By James Mullin
I recently wrote to my United States senator, a Republican NeverTrump, respectfully asking why the January 6 detainees are still in jail, with many still in solitary and not arraigned for what was essentially trespassing on public property (forgetting for the moment the role of FBI instigators). (Incidentally, we should all be writing.) His reply saddened me profoundly. I received back a two-page harangue of how horrible January 6 was and how it imperiled our democracy. Buried within that harangue were unexpected admissions about the unconstitutional conditions in which far more prisoners are held than most people realize. Surprisingly enough, these admissions gave me hope.
For anyone who lived through Election Night 2020, and watched Trump winning comfortably at 11:00 P.M. EST, only to lose that massive lead by the following morning, skepticism about the election will always remain intense. (And it seems more people are getting skeptical by the day.) That skepticism is hardened by stories of municipalities that actually stopped counting during the night and reopened with large Biden pluralities.

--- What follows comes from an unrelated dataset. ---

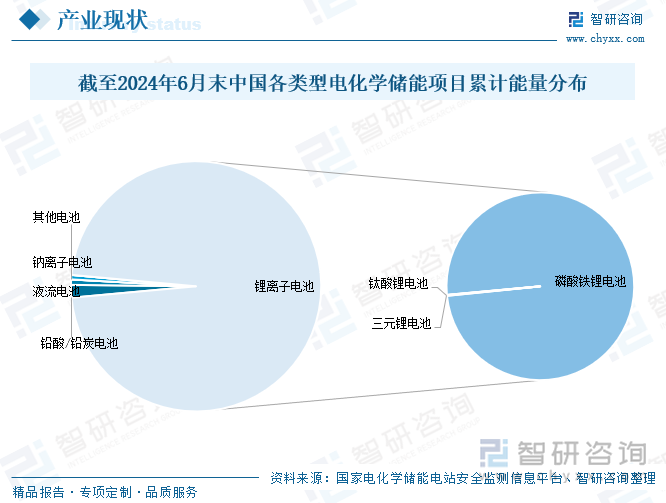 截至2024年6月末中國各類型電化學儲能項目累計能量分布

This sense of wrongdoing doesn’t justify trespassing and certainly doesn’t justify vandalism. But what happened on January 6 still pales in comparison to the carnage that BLM and Antifa wreaked on many American cities and towns the previous summer — and without cost to its perpetrators in most cases. So a white-hot rage remains in many Americans.
But back to my senator’s curious reply. After a lengthy harangue about Jan. 6, the depraved perpetrators, and the evil Donald Trump, he provided two very odd statements. First, he informed me that 570 people are still held in D.C.’s jails.
Five hundred seventy! I had no idea that so many were incarcerated for so long, without trial.